**Task to carry out**
When you reach the line containing "This shows many", please repeat it and every line after it exactly, through the end of the listing below, skipping pictures.

**Provided data**
◆ ◆ ◆

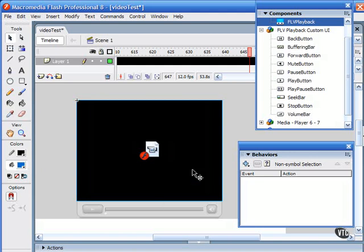I devote an entire section of this course to these FLV playback components, so let me move on now to showing you how to control external video playback using ActionScript.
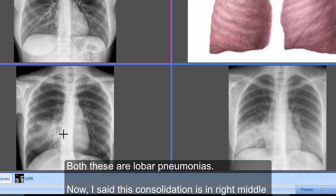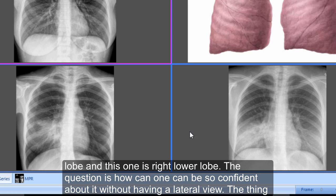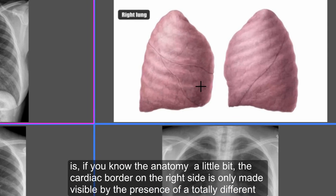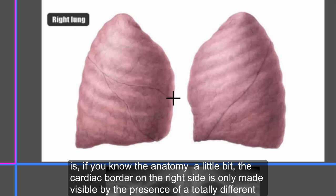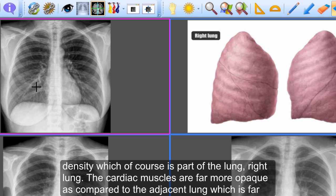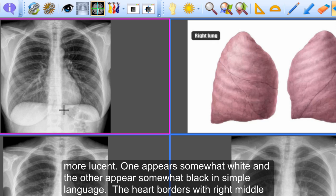The question is: how can one be so confident that this consolidation is in the right middle lobe and the other in the right lower lobe without having a lateral view? If you know your anatomy, the cardiac border on the right side is only made visible by the presence of a totally different density — which is part of the right lung. The cardiac muscles are far more opaque compared to the adjacent lung, so one appears somewhat white and the other somewhat black.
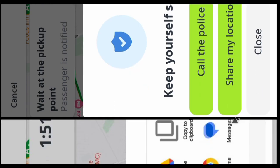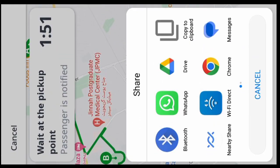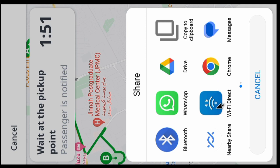This shows many ways to share live location: WhatsApp, message, copy a link. Then click on WhatsApp and share your live location with friends, families, or any person.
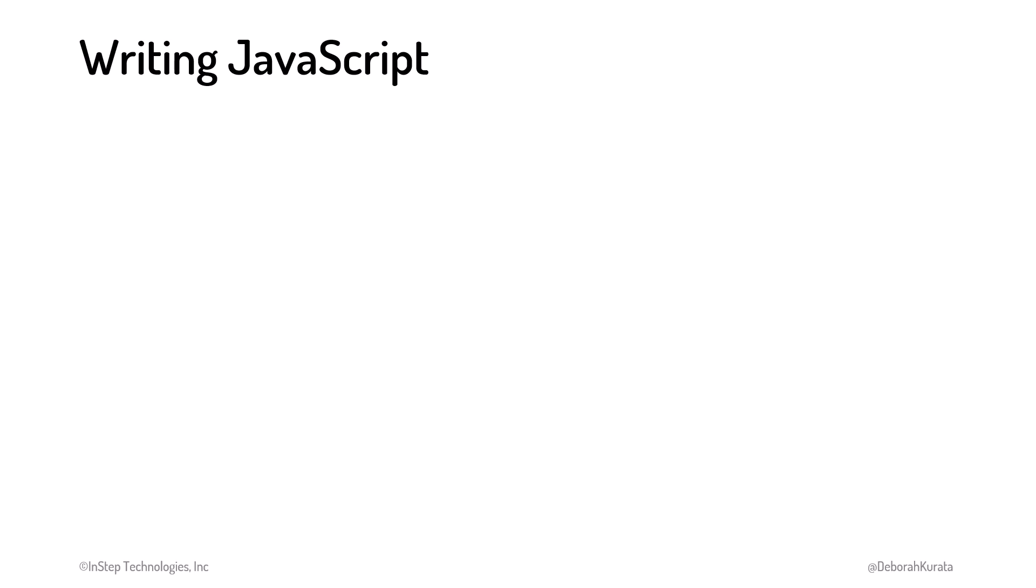As we begin to write our JavaScript code, we need to know where to put it. Just like with CSS, we have three places we can write our JavaScript.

◆ ◆ ◆

**Solution below**
This shows many ways to share live location: WhatsApp, message, copy a link. Then click on WhatsApp and share your live location with friends, families, or any person.
As we begin to write our JavaScript code, we need to know where to put it. Just like with CSS, we have three places we can write our JavaScript.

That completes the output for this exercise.